In the first part of this study, LINC00607 was functionally characterized in human endothelial cells. LINC00607 is highly and specifically expressed in endothelial cells and is differentially regulated in CVDs. Depletion of LINC00607 resulted in decreased angiogenic sprouting, reduced integration of ECs in a newly formed vascular network in vivo, enhanced endothelial migration and differential expression of many important genes for endothelial cell homeostasis. Functionally, LINC00607 maintains ERG-driven endothelial gene expression programs through BRG1. BRG1 secures stably accessible enhancer regions as well as TSS of ERG target genes, thus enabling transcription of endothelial gene programs.

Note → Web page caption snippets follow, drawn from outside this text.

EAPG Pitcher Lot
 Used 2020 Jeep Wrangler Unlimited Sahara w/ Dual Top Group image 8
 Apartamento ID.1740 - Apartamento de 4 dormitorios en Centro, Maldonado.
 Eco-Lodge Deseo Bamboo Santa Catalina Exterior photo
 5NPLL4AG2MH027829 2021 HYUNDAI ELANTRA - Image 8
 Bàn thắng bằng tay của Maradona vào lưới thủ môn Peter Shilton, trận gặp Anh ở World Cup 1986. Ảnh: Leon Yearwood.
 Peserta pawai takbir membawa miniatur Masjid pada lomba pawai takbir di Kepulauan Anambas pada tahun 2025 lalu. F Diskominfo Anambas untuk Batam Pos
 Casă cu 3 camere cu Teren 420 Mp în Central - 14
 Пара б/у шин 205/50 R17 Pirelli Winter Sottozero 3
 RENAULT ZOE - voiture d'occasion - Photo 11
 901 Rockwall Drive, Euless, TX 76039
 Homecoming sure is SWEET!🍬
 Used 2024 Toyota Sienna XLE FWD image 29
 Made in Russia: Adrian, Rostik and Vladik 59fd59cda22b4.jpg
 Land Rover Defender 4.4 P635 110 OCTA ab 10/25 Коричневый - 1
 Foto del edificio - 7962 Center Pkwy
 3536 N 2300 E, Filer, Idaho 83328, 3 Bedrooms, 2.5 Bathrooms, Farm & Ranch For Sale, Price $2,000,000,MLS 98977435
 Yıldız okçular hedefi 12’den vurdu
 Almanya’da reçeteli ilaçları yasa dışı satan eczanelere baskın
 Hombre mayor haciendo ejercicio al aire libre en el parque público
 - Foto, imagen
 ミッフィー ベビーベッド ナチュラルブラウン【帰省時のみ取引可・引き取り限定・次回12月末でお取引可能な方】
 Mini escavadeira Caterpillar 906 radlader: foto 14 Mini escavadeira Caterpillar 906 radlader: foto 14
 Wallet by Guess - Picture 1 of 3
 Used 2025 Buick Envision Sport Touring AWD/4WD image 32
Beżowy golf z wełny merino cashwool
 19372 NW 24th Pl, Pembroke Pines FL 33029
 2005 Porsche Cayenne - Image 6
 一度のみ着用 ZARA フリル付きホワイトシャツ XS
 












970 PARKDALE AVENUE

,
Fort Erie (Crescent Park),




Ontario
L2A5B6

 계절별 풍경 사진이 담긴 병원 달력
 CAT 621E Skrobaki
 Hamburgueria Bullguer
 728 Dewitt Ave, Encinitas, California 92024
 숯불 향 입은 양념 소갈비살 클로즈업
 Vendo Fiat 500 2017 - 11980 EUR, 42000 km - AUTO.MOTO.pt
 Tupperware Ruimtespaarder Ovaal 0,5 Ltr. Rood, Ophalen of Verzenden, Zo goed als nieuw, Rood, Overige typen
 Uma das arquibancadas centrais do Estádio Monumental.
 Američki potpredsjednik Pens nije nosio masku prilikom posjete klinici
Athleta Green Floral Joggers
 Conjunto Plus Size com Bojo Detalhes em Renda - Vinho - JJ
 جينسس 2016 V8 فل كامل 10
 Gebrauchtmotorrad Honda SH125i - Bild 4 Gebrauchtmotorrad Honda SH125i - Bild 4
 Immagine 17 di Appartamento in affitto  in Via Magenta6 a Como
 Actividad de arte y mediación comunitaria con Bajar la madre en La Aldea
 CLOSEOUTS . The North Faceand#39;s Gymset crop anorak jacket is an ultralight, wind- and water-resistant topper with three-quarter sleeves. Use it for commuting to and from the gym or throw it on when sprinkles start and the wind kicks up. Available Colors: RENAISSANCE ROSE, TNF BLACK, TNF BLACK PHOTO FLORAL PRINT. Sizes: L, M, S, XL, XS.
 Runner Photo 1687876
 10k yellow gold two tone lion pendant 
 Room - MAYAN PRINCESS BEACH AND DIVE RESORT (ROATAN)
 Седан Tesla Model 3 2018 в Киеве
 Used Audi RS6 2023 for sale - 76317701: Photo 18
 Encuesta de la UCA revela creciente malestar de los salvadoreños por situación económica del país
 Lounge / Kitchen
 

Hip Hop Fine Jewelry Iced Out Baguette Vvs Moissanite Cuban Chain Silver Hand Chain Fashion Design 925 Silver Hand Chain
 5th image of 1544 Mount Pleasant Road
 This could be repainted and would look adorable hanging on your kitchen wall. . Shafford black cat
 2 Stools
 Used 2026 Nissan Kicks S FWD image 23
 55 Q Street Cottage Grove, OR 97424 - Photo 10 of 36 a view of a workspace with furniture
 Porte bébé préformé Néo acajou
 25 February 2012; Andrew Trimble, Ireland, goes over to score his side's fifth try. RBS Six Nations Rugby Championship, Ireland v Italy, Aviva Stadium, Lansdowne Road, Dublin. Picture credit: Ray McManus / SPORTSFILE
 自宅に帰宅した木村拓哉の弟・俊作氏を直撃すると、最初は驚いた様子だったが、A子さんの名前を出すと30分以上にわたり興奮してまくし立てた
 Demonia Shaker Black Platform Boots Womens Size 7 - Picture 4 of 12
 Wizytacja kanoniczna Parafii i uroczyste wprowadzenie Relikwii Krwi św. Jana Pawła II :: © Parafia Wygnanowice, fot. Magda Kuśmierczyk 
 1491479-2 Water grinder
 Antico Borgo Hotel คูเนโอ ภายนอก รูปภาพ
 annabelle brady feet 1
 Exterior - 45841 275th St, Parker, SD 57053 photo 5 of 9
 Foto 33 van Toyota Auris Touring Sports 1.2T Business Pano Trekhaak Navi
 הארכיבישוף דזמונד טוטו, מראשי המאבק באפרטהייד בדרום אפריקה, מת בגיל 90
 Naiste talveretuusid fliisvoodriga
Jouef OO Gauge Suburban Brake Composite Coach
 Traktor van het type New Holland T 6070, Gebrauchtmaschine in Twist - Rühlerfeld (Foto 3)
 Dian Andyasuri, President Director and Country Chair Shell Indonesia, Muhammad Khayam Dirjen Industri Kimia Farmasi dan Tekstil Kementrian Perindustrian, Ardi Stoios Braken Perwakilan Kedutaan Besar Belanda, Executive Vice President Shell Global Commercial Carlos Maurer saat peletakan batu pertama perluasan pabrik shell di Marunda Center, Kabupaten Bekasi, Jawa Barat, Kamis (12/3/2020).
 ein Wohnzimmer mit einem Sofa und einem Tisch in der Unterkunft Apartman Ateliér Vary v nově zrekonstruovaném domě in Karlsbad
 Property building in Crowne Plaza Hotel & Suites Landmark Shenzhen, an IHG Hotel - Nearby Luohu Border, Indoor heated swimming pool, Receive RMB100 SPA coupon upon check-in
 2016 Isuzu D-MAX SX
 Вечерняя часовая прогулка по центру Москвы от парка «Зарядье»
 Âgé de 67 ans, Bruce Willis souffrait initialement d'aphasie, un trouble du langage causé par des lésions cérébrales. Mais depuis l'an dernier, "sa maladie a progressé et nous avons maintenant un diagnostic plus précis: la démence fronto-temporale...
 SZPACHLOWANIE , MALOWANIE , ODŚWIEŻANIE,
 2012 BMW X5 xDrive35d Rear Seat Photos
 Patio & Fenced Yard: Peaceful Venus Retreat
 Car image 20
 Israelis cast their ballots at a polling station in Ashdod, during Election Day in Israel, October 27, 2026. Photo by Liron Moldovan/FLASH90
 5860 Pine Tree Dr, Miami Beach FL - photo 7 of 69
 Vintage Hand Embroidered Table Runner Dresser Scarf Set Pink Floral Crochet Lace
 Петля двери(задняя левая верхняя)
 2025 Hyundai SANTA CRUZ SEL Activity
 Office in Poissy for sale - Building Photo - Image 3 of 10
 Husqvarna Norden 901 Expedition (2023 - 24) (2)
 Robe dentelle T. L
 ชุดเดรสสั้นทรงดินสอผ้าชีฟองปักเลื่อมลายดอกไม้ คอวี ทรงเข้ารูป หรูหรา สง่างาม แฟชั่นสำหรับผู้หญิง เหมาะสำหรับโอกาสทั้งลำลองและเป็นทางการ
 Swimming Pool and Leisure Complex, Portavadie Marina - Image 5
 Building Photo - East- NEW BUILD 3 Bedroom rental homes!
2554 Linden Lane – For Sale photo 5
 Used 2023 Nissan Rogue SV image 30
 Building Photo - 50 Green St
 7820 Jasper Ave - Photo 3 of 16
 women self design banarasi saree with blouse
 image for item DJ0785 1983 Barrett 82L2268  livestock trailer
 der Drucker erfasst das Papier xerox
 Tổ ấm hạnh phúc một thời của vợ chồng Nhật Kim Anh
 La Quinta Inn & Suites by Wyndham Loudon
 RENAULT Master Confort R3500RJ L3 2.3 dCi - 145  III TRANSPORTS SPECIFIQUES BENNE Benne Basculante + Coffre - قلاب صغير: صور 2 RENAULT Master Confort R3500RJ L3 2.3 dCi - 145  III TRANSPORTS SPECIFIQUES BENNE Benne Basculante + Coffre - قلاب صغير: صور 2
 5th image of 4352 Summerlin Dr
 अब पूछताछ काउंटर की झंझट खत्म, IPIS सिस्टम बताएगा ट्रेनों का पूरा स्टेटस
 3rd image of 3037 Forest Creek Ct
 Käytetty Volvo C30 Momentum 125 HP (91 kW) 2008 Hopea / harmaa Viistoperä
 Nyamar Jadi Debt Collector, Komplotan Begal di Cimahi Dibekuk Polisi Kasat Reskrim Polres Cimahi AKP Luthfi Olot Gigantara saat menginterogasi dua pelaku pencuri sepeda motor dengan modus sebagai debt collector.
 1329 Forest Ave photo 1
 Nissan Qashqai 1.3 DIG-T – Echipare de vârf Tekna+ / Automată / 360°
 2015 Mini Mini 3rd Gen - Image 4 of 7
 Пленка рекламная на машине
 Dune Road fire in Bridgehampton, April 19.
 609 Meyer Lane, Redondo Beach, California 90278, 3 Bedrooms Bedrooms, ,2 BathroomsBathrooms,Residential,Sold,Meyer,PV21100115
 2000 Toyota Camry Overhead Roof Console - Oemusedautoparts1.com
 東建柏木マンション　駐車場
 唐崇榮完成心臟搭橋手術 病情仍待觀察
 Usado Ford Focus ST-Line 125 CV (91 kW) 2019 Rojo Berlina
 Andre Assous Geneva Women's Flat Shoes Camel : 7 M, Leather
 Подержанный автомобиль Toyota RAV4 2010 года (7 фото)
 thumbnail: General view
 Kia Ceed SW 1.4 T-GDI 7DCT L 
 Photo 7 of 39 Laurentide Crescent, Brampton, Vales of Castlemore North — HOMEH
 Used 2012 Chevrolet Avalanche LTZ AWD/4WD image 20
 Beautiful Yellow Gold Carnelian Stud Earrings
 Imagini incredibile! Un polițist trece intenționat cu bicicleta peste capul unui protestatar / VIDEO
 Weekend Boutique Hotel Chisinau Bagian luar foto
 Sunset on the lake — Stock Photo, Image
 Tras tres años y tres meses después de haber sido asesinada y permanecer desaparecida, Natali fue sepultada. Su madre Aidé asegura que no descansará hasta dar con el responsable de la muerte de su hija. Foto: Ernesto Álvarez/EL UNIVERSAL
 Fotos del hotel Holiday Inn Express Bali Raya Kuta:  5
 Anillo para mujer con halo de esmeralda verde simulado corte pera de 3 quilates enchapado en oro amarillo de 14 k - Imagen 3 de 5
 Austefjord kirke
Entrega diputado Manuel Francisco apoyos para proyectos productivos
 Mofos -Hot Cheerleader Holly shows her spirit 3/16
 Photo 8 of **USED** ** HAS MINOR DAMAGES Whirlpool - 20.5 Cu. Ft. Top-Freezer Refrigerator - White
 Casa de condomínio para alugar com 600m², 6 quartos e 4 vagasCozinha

The second part of this study proposes an additional mode of action for LINC00607. The strongly impaired response to VEGF-A after LINC00607 KO can only be partially explained by its’ expression control of ERG target genes. It rather appears that LINC00607 is involved in the control of alternative splicing of VEGF receptor FLT1. The differential splicing of FLT1 produces the anti-angiogenic soluble isoform of FLT1. Even though further validation is needed to uncover the underlying mechanism, there is the potential of a more general role of LINC00607 in splicing control through BRG1. As AS of FLT1 is a clinical marker in preeclampsia, LINC00607 might qualify to be an additional marker for the onset and manifestation of the pregnancy disorder.
Taken together, LINC00607 is a target in future for molecular therapy in CVD to restore a healthy endothelial phenotype and has the potential to serve as a biomarker in preeclampsia.